Olmazsa? Bu sadece bir ihtimaldi. Ellerimizde hayallerimizden başka bir şey kalmadı. Evet, biz de nasıl olacağını merak ediyorduk; nereden başlayacağımızı bilmiyorduk. Umutsuzluktan korkuyorduk ama bir şekilde içimize işlemesine engel olamıyorduk. Özgürlüğüne kavuşmak isteyen ama her seferinde camın şeffaflığına kanan sinekler gibiydik. Bir şeyleri fark etmek zorundaydık.
Anna, uzun bir süreden sonra zorla da olsa gülümsedi ben ise yemeğimi yerken ona bakmaktan kaçınıyordum. Anna hızlı hızlı yiyip bitirmişti zaten fazla zaman geçmeden ben de bitirdim ve Anna'nın masayı toplamasına yardım ettim.
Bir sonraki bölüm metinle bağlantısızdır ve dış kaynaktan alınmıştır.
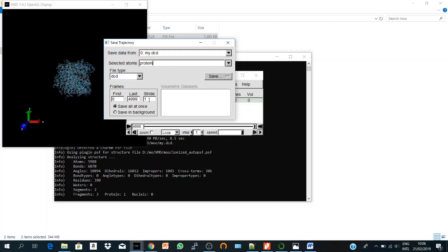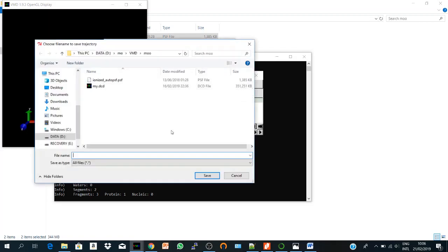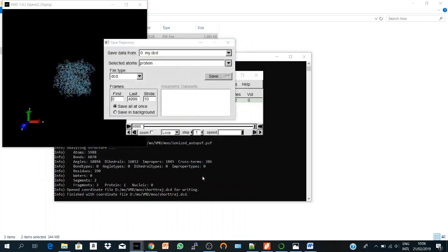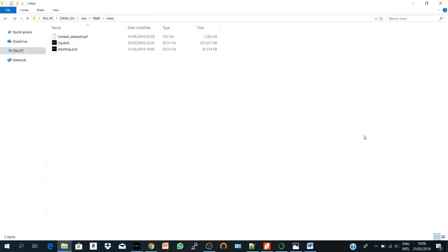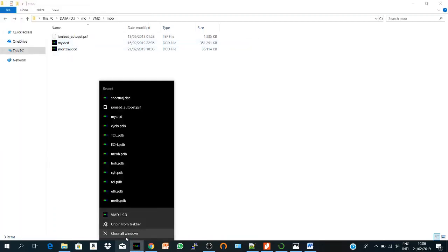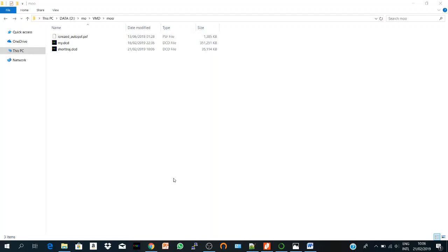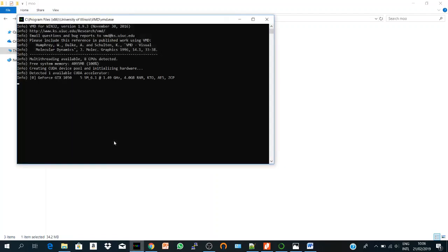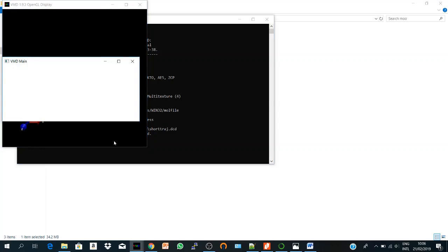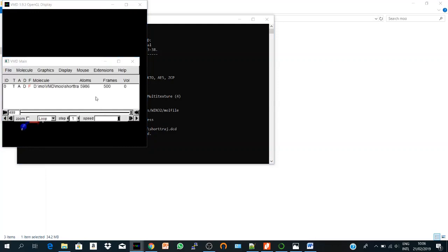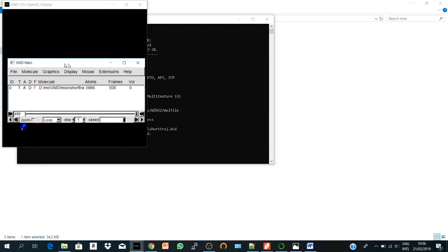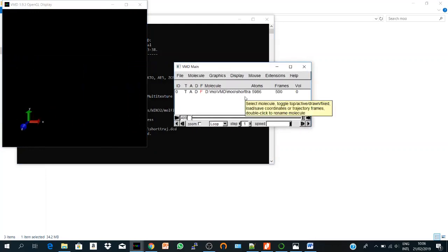But if I said save every 10th frame and I say Save, and I say short trajectory.dcd and I hit save. So here I got the short trajectory and let's check it. Yes, directly, so I have only 500 frames, so it's very short and very easy to handle.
Bu işte bitince tek söz etmeden karşı karşıya oturduk ve birden Anna bülbül gibi sesiyle bana şunları dedi;
-Charlotte, anneni kaybetmiş olabilirsin ama bu hayallerini gerçekleştirmene engel olmamalı. Hayallerin var ve gerçekleştirmek için kurdun bu hayalleri. Bana bak! -ona baktım- HAYALLERIMIZ VAR CHARLOTTE! Biliyorum üzgünsün ama umutsuz olma."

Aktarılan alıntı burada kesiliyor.